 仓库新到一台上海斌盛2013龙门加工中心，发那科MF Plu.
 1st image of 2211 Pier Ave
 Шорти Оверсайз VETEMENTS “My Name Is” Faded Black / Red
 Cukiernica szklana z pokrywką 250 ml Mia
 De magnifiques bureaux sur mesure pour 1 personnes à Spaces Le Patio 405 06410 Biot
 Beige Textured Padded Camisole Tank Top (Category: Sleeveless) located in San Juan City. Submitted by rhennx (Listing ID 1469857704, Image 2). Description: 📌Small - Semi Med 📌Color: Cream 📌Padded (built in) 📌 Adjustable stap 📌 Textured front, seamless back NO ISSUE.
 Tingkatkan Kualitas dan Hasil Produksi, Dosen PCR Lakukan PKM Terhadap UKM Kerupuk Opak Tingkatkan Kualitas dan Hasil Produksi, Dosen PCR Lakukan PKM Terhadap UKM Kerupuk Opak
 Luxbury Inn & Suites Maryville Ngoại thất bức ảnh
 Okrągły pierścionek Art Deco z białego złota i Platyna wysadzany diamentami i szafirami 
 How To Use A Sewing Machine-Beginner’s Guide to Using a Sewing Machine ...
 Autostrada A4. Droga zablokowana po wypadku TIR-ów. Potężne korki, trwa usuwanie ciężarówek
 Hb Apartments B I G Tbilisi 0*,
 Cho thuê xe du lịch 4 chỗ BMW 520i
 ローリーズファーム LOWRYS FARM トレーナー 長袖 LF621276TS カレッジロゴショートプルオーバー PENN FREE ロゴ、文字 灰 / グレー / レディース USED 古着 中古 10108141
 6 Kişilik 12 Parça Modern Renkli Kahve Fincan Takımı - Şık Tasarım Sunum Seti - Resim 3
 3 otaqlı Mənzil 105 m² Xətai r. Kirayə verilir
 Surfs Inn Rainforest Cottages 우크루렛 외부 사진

REQUIRED WORK:
In exact wording, restate the lines of the data above from the first through the one holding "Beige Textured Padded", and stop after that line.

EXERCISE OUTPUT:
 仓库新到一台上海斌盛2013龙门加工中心，发那科MF Plu.
 1st image of 2211 Pier Ave
 Шорти Оверсайз VETEMENTS “My Name Is” Faded Black / Red
 Cukiernica szklana z pokrywką 250 ml Mia
 De magnifiques bureaux sur mesure pour 1 personnes à Spaces Le Patio 405 06410 Biot
 Beige Textured Padded Camisole Tank Top (Category: Sleeveless) located in San Juan City. Submitted by rhennx (Listing ID 1469857704, Image 2). Description: 📌Small - Semi Med 📌Color: Cream 📌Padded (built in) 📌 Adjustable stap 📌 Textured front, seamless back NO ISSUE.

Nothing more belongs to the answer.